Cell Line and Cell Culture

The HepG2 cell line was purchased from the Cell Bank of Type Culture Collection of the Chinese Academy of Sciences (Wuhan, China) and cultured in minimum essential medium supplemented with 10% fetal bovine serum, 100 U/ml penicillin, and 100 µg/ml streptomycin at 37°C in a humidified atmosphere of 95% air–5% CO2 in an humidified CO2 incubator (Heracell 150i, Thermo Fisher Scientific, Waltham, MA, USA).

Cell Viability

The cytotoxicity of Rh2 on HepG2 cells was determined using the MTT assay as described previously (Bai et al., 2019). Briefly, cells were seeded (1 × 104 cells/well) in 96-well plate for overnight. Then the cells were incubated with an increasing concentration of Rh2 (0–60 µM) for 24 and 48 h, respectively. The supernatant was removed via aspiration and 100 µl of MTT solution (0.5 mg/ml) was added and cells were continuously cultured until 100 µl of MTT stop solution (10% SDS, 0.01 M hydrochloric acid) was added to each well to solubilize the formazan. The absorbance was measured at 550 nm using a microplate reader (Tecan Infinite M200 Pro, Männedorf, Switzerland).

Cell Morphology Analysis

To examine the effect of Rh2 on the morphology of HepG2 cells, cells (5 × 104 cells/well) were seeded on sterilized cover glasses in 6-well plate for overnight. Then the cells were incubated with Rh2 (20 or 50 µM) for 24 h and the cell morphology was observed with Olympic (Tokyo, Japan). The changes of microstructure were surveyed under scanning electron microscope (SEM). Treated cells were washed with PBS three times and fixed with 2.5% glutaraldehyde solution for 1 h at room temperature. Subsequently, cells were rinsed again with PBS three times, and then dehydrated using graded ethanol (30%, 50%, 70%, 90%, 100%). Cells were fixed onto a copper stub and coated with gold using a sputter coater under vacuum, and then the surface morphology of cells was characterized by SEM (FEI Quanta 450 FEG, Hillsboro, USA).
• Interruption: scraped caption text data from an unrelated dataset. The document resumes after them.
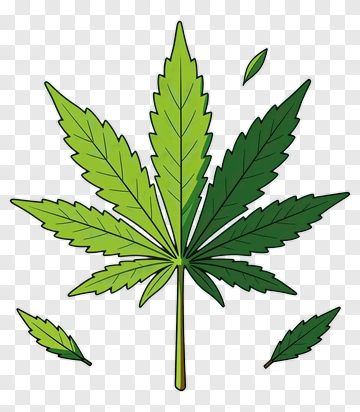 Green Cannabis Leaf PNG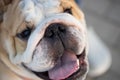 English bulldog head shot.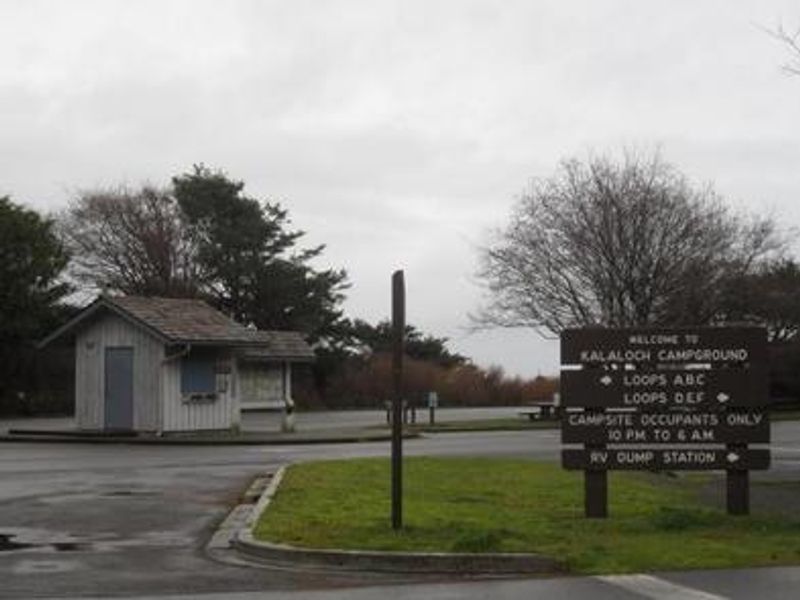 Entrance to Kalaloch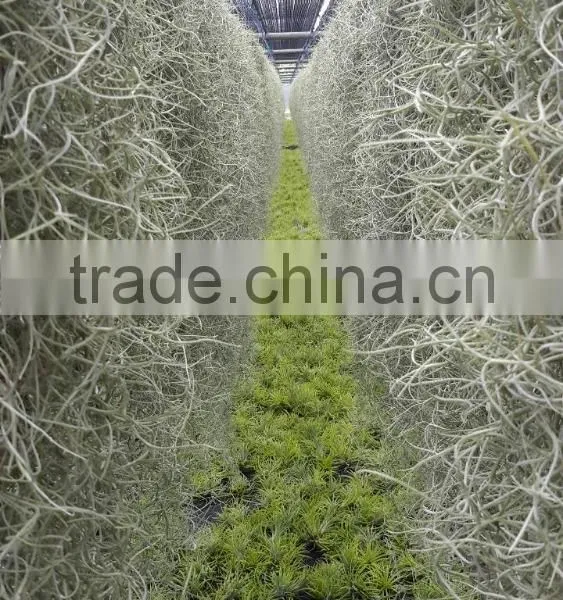 Tillandsia Air Plant photo-2
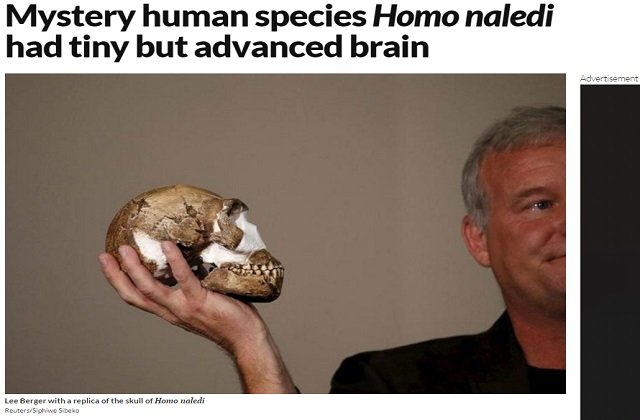 謎の小脳人類「ホモ・ナレディ」が超絶賢かったことが判明！ 脳の大きさ＝賢さが覆る！の画像1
Annexin V-Fitc Apoptosis Assay

The cells for apoptosis were examined using Annexin V-FITC apoptosis detection kit. Cells (4 × 105 cells/well) were seeded in 6-well plate for overnight. Then the cells were incubated with Rh2 (20 or 50 µM) for 24 h. After treatment, the cells were collected by trypsinization with 0.25% EDTA and centrifuged at 1500 rpm for 3 min to remove the medium. Then the precipitation was washed with pre-cold PBS and resuspended in 100 µl 1 × binding buffer containing 5 µl FITC-Annexin V and 5 µl propidium iodide. After incubation in the dark for 15 min, the fluorescence intensity was evaluated under an Accuri C6 Plus flow cytometer (Becton, Dickinson and company, CA, USA).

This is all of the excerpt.